→ **DATASET**:
+--

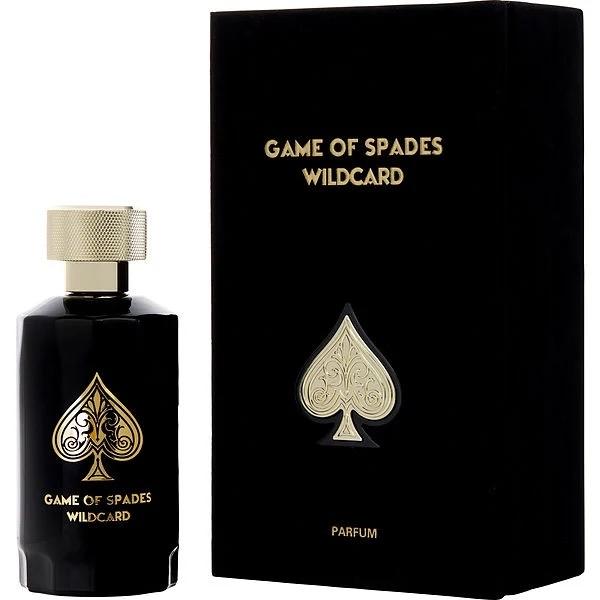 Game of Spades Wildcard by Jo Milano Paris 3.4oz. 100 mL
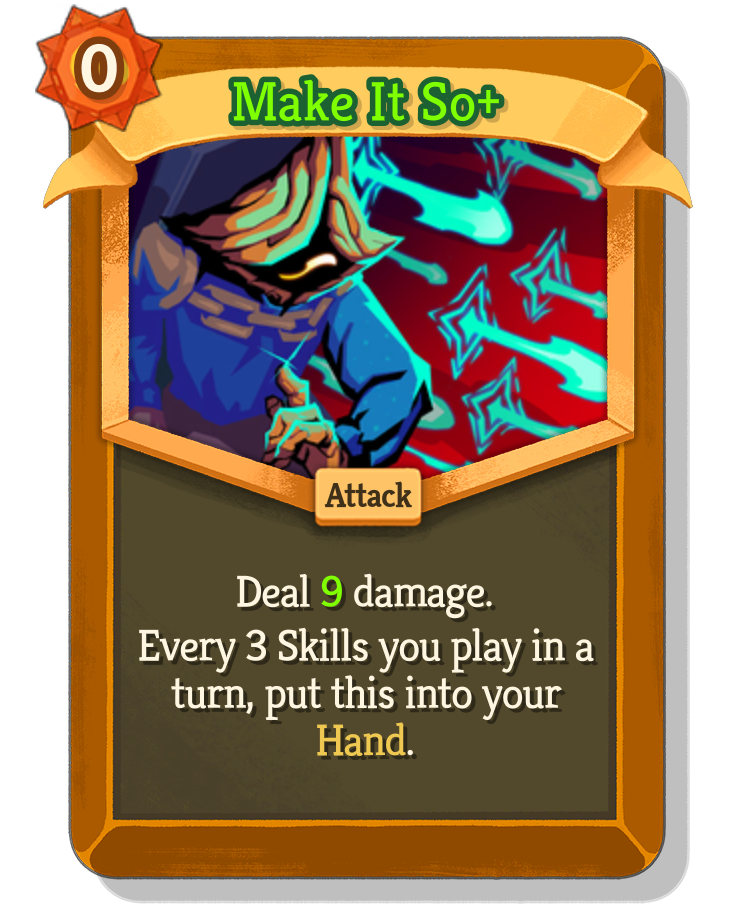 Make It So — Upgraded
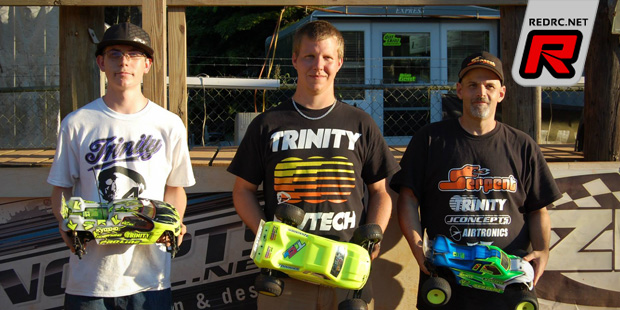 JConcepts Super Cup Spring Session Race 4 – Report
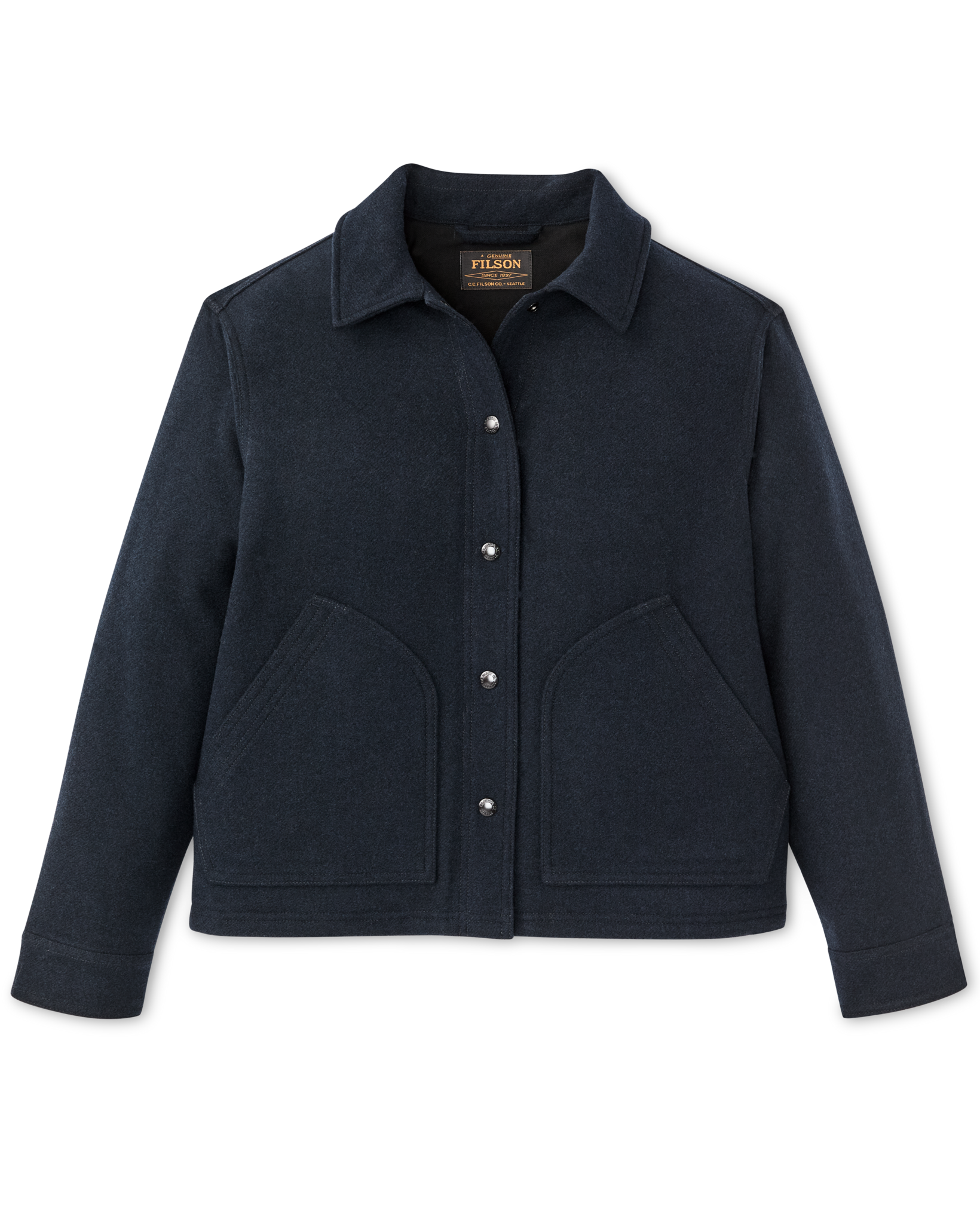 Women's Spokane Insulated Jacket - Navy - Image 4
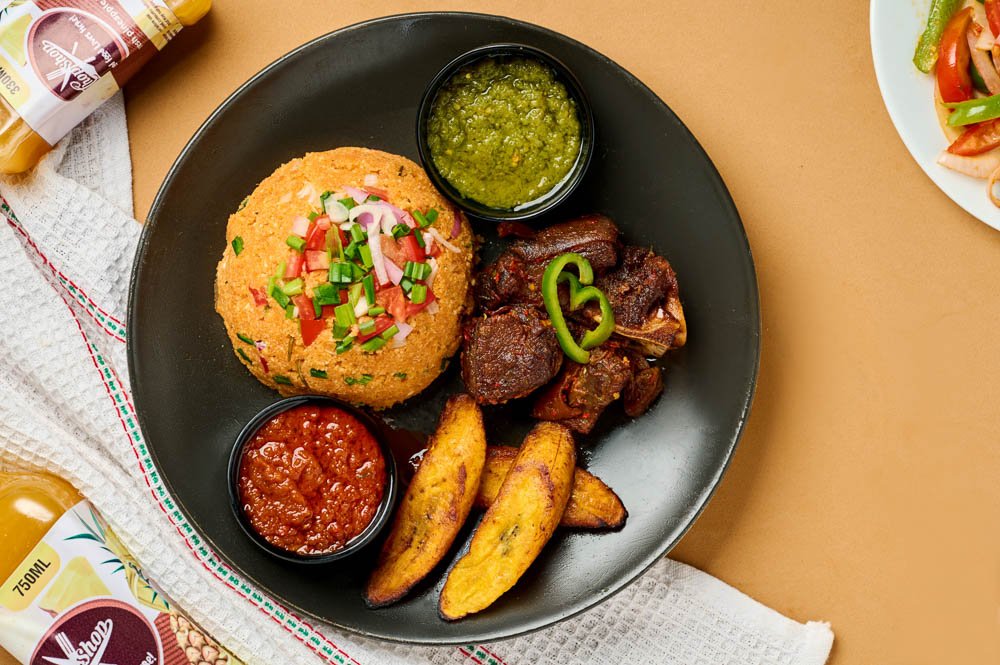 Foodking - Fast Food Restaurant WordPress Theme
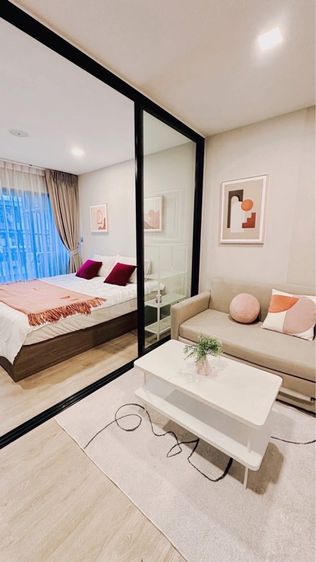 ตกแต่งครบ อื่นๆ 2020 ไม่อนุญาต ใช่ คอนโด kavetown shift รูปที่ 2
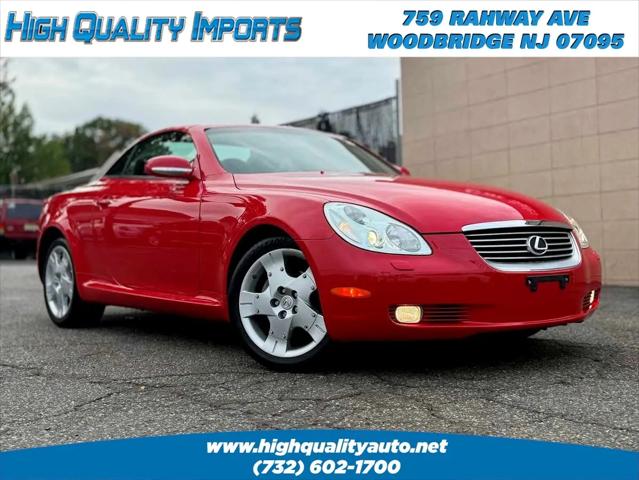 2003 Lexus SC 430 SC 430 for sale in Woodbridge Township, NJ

+--

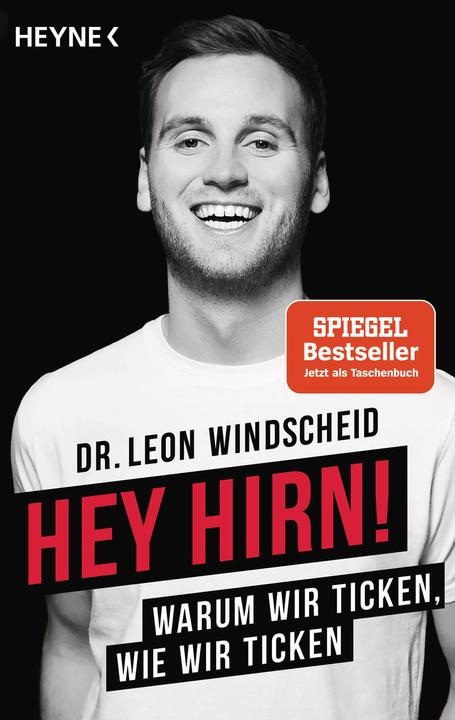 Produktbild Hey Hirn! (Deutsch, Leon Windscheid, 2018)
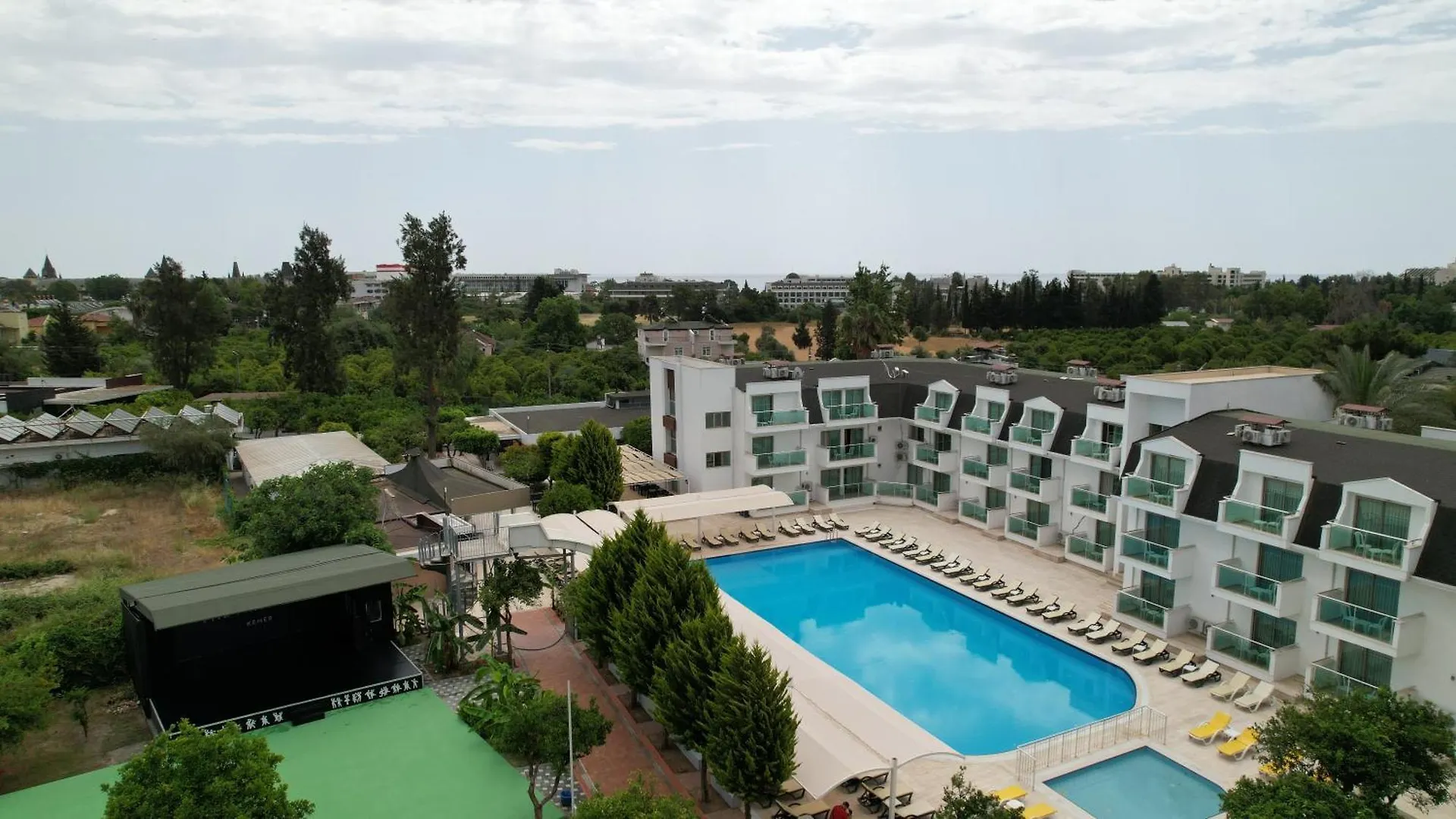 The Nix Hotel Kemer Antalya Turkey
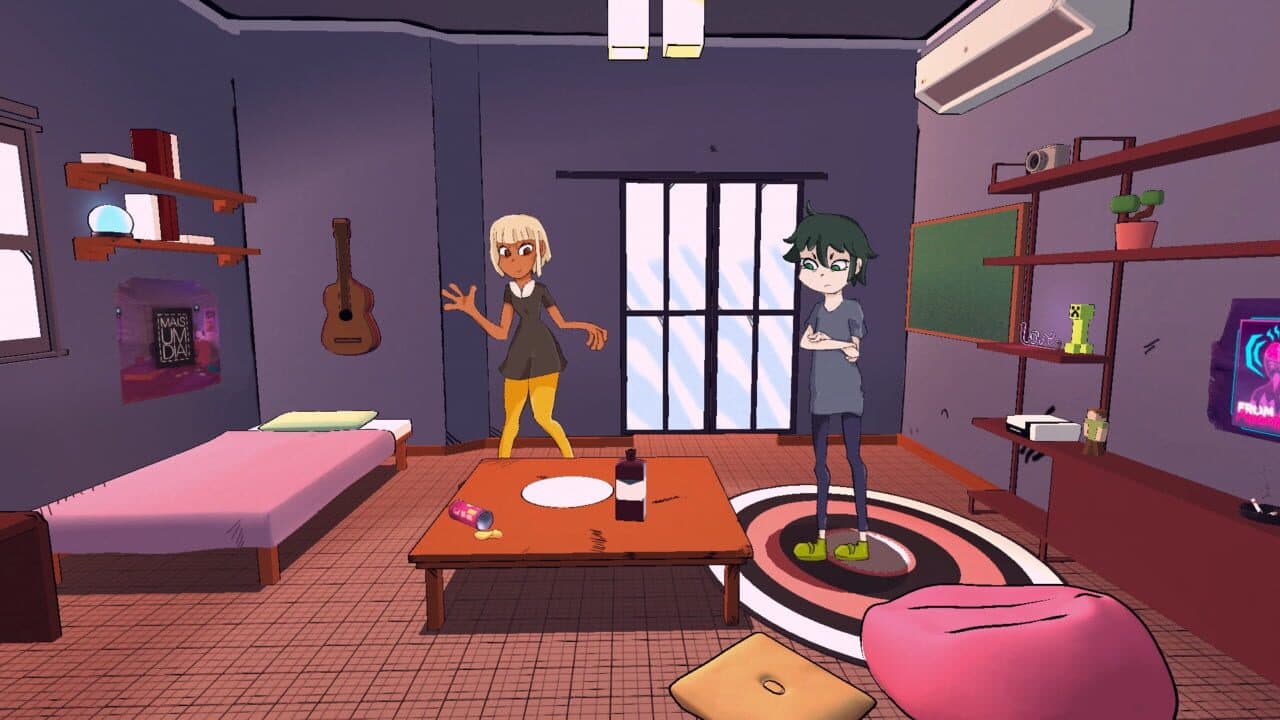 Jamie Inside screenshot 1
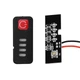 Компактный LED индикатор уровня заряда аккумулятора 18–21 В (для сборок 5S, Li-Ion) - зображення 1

+--

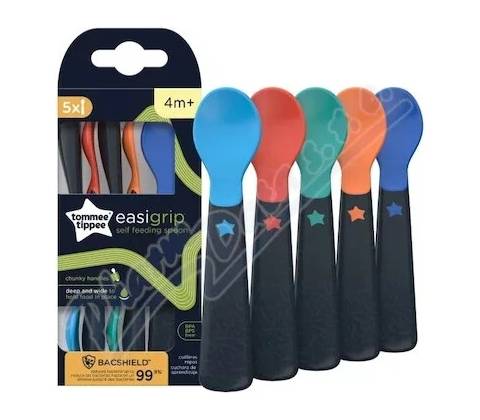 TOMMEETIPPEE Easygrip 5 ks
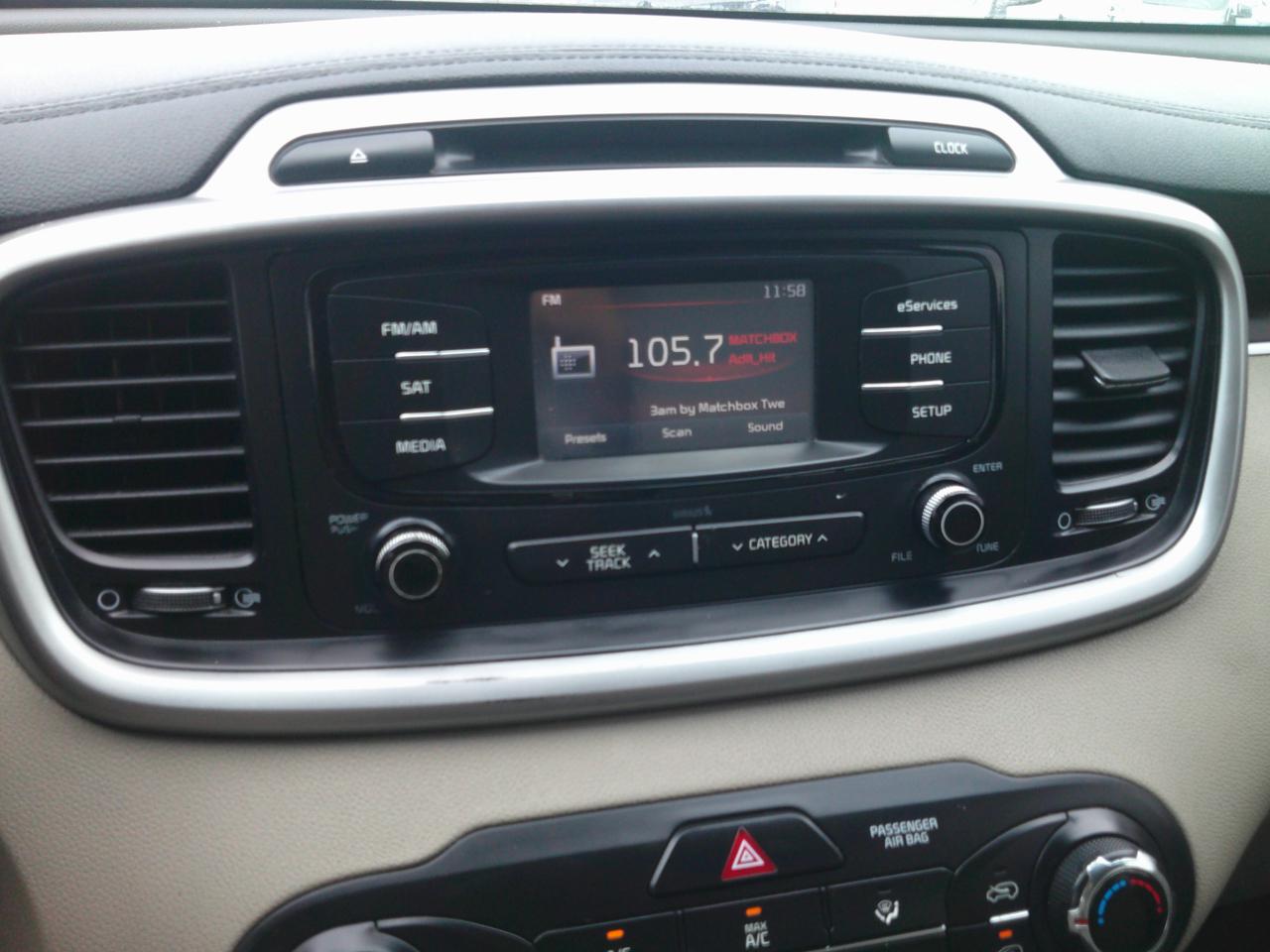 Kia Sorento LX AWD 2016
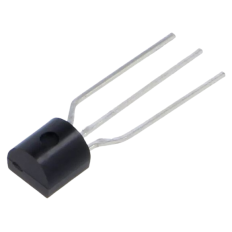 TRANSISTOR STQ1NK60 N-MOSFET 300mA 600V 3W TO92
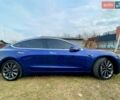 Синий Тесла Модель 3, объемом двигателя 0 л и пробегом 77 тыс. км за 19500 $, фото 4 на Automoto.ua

+--

→ **REQUIRED ACTION**: Give back the exact lines above, running from the one that has "Jamie Inside screenshot 1" through the one that has "Компактный LED индикатор", with nothing added and no pictures.

→ **ANSWER**:
 Jamie Inside screenshot 1
 Компактный LED индикатор уровня заряда аккумулятора 18–21 В (для сборок 5S, Li-Ion) - зображення 1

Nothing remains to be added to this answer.